***** Record extracts

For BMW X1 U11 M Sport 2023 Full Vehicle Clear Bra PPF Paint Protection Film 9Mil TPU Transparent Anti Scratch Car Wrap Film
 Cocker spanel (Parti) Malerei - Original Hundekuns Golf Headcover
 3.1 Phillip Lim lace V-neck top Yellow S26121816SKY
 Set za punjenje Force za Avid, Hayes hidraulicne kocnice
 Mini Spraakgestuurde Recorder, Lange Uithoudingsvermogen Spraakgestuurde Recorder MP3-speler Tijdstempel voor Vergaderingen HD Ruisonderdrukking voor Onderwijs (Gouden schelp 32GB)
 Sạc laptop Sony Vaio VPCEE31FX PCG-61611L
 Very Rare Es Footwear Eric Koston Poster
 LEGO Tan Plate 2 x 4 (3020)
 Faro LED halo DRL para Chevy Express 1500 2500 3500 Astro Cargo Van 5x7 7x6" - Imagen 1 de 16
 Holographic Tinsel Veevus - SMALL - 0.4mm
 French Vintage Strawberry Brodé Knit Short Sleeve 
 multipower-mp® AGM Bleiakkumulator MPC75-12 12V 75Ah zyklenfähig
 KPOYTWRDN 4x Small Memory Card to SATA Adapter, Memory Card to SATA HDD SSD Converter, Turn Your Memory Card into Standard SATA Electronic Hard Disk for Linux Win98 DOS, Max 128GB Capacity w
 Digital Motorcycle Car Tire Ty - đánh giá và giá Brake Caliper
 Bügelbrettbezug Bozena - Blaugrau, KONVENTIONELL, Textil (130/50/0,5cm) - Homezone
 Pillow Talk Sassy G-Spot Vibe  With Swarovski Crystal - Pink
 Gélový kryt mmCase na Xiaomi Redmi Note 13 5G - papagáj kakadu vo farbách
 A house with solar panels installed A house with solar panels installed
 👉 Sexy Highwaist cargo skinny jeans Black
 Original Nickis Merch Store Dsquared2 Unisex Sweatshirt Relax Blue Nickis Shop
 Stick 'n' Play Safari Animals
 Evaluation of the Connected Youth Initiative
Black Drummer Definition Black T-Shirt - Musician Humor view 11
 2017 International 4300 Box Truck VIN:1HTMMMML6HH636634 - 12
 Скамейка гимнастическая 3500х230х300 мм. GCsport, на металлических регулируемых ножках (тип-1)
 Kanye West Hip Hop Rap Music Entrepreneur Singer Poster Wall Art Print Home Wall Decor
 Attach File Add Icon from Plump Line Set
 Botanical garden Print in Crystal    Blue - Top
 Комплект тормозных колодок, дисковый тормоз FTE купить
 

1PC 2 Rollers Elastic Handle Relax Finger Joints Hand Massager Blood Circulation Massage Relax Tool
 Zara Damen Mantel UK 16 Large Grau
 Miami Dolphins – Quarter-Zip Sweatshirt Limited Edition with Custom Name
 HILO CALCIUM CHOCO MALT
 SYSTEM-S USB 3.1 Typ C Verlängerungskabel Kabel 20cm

**********

— Work required —
From the opening line of the data above through the line holding "French Vintage Strawberry", give every line again exactly as it stands.

— Task response —
For BMW X1 U11 M Sport 2023 Full Vehicle Clear Bra PPF Paint Protection Film 9Mil TPU Transparent Anti Scratch Car Wrap Film
 Cocker spanel (Parti) Malerei - Original Hundekuns Golf Headcover
 3.1 Phillip Lim lace V-neck top Yellow S26121816SKY
 Set za punjenje Force za Avid, Hayes hidraulicne kocnice
 Mini Spraakgestuurde Recorder, Lange Uithoudingsvermogen Spraakgestuurde Recorder MP3-speler Tijdstempel voor Vergaderingen HD Ruisonderdrukking voor Onderwijs (Gouden schelp 32GB)
 Sạc laptop Sony Vaio VPCEE31FX PCG-61611L
 Very Rare Es Footwear Eric Koston Poster
 LEGO Tan Plate 2 x 4 (3020)
 Faro LED halo DRL para Chevy Express 1500 2500 3500 Astro Cargo Van 5x7 7x6" - Imagen 1 de 16
 Holographic Tinsel Veevus - SMALL - 0.4mm
 French Vintage Strawberry Brodé Knit Short Sleeve 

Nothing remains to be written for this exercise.